In future, it is plausible that this will be done to combine images from optical telescopes far apart in space, for a very wide aparture. But it seems just as likely that they will use mirrors far apart in space, directing the incoming light to a small number of focal locations to combine the light in the optical domain first, before converting it to image data.




Other great answers, but if those things weren’t an issue I think also you’d need one sensor for each mirror, and the sensor is bigger and heavier and more complex than a single mirror. Or you could just watch the same mirror for X times longer where X is the number of mirrors, but then you’d get 1/X as many observations.


Yes. It's the same reason you can't take 10 out of focus pictures of yourself and get one in focus picture. You need actual good data to combine.


You can, with enough processing (and knowledge of how out of focus it is). It worked for Hubble. But you get more good pictures if you get it in focus in the first place.


Yup

A engineering friend of mine was working on hardware related to mil satellite imagery, and was sent to a course that covered all the kinds of post-processing techniques they had to improve resolution and what could help those techniques upstream. He said that at the end of the course, the instructor said the bottom line was that while they could do all kinds of 'magic' to improve & enhance the photos, the best input to all their techniques that would yield the best end result, was to take a better photo in the first place.

So, yes, there really is no substitute to a good original image.


Deconvolution. Haven't followed that in awhile, but getting to original function was next to impossible. Recording calibration image and/or recent AI developments might've taken that into something awesome. I'll go and catch up on material!


We really need to watch it with trusting AI.

While my example here isn't photo recognition, the same principle applies. I recently sat for a deposition where the stenographer used an "AI"transcription system. The result was literally pages of errata (vs the standard errata sheet that has space for about a dozen lines).

The consistent error I noticed was that the erroneous words were (probably) the word most expected in that position, and NOT the word that I said.

So, at a glance, it seemed like a really good transcription. In fact, many errors were barely noticeable to me and I had to go back to the audio recording to confirm. And these were errors that substantially changed the meaning, or even inverted it.

This is not merely information loss — the least surprising/lowest information item was inserted instead of the real item — this is actual information CORRUPTION.

I'd fully expect parallel phenomena from image - "AI - filling in the item most expected from the training set, and actively corrupting the data by stripping out the highest-value info bits and replacing them with the most expected.

Beware


Yeah, it's called signal reconstruction for a reason. There are classes of it where it's verifiable and decent enough however.

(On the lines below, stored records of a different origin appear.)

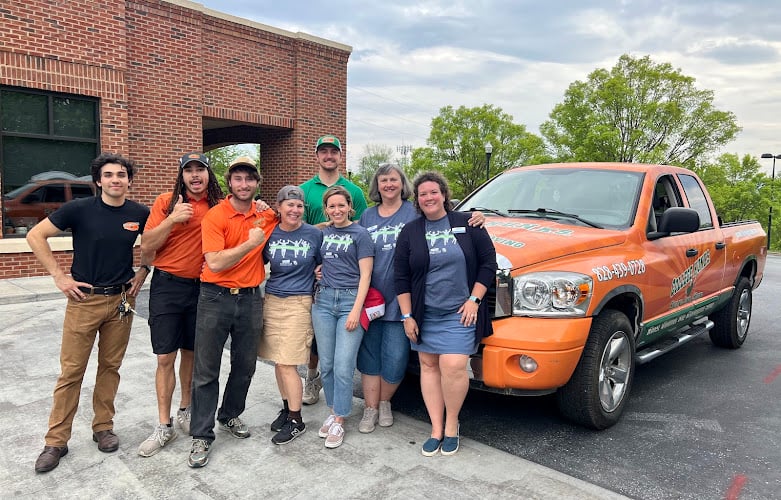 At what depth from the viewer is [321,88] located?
13.8 m

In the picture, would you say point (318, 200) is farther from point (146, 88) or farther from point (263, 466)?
point (146, 88)

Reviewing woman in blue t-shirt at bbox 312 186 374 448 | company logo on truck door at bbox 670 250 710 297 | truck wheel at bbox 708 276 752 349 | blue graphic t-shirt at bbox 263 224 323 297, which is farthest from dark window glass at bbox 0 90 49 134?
truck wheel at bbox 708 276 752 349

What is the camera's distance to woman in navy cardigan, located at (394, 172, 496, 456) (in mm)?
3352

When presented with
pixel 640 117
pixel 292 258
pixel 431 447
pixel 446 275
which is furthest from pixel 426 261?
pixel 640 117

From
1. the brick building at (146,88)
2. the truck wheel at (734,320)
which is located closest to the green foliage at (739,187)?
the brick building at (146,88)

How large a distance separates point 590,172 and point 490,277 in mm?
2070

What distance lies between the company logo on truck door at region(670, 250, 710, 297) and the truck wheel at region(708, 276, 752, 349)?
114 cm

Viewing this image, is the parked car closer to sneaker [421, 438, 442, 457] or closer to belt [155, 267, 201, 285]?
belt [155, 267, 201, 285]

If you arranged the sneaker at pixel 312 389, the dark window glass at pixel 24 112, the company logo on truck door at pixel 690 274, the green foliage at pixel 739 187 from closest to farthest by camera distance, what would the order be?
the sneaker at pixel 312 389 → the company logo on truck door at pixel 690 274 → the dark window glass at pixel 24 112 → the green foliage at pixel 739 187

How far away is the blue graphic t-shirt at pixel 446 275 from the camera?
336 centimetres

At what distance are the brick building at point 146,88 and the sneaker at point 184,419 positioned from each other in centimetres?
756

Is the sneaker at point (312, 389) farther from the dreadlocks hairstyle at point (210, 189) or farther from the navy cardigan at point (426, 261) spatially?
the dreadlocks hairstyle at point (210, 189)

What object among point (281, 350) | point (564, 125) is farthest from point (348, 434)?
point (564, 125)

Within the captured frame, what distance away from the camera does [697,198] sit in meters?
5.51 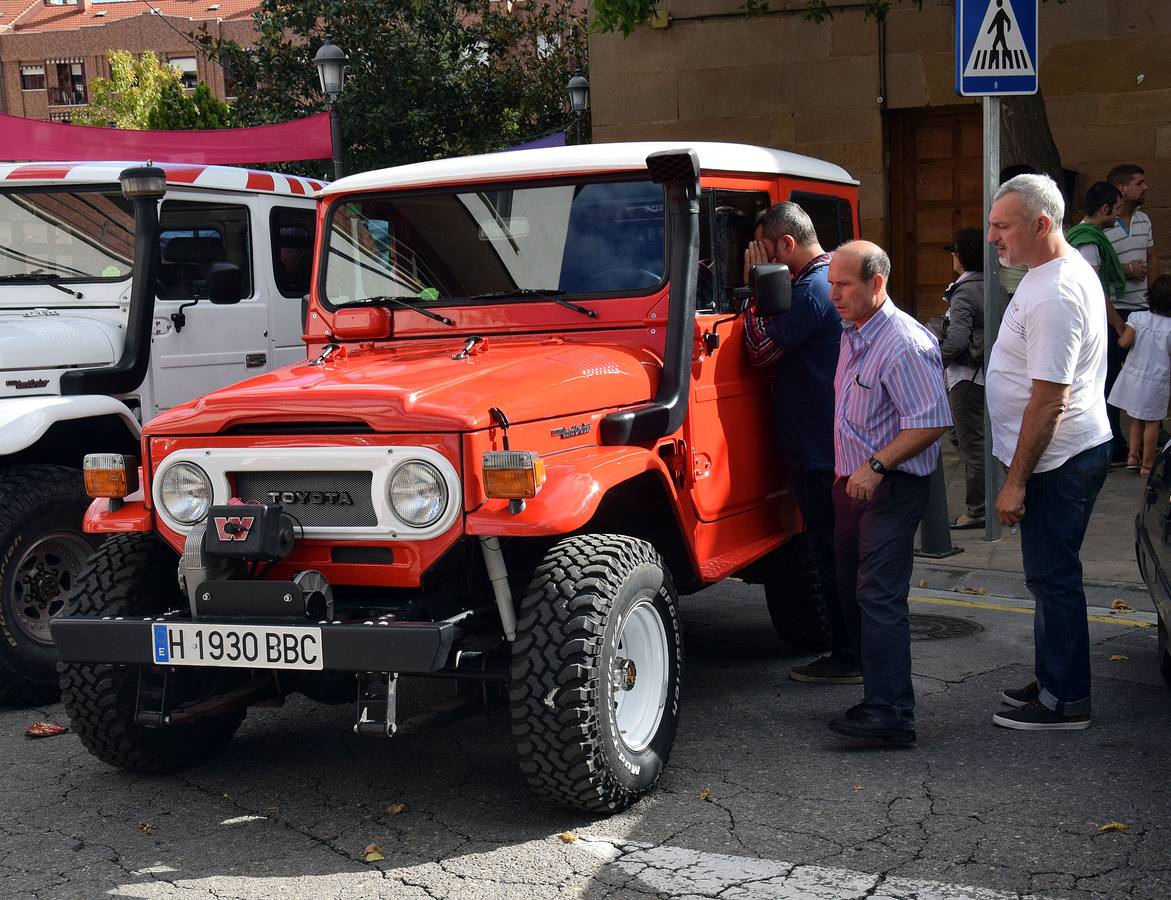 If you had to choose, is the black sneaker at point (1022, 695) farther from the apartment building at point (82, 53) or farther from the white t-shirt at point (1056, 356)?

Yes, I'm sure that with properly constrained and well-tested data spaces, it could produce outstanding and very helpful results.

But accurate reconstruction in the wild is just sooo far away. And for good reason - it would need to have insane amounts of experience and exposure to every bit of unusual data that existed in the world to get it right...


as long as you know the point spread function you can focus out of focus images through deconvolution. https://imagej.net/imaging/deconvolution Basically, take a picture of a well-known object that should look like a single pixel, measure how spread out it is, and then use that to backconvert images taken from the same camera.


Would you prefer this approach over actually having the target in focus?


It depends. Personally, I'd apply the technique even to focused images, after using a set of fluorescently labelled beads of known diameter to calibrate the PSF.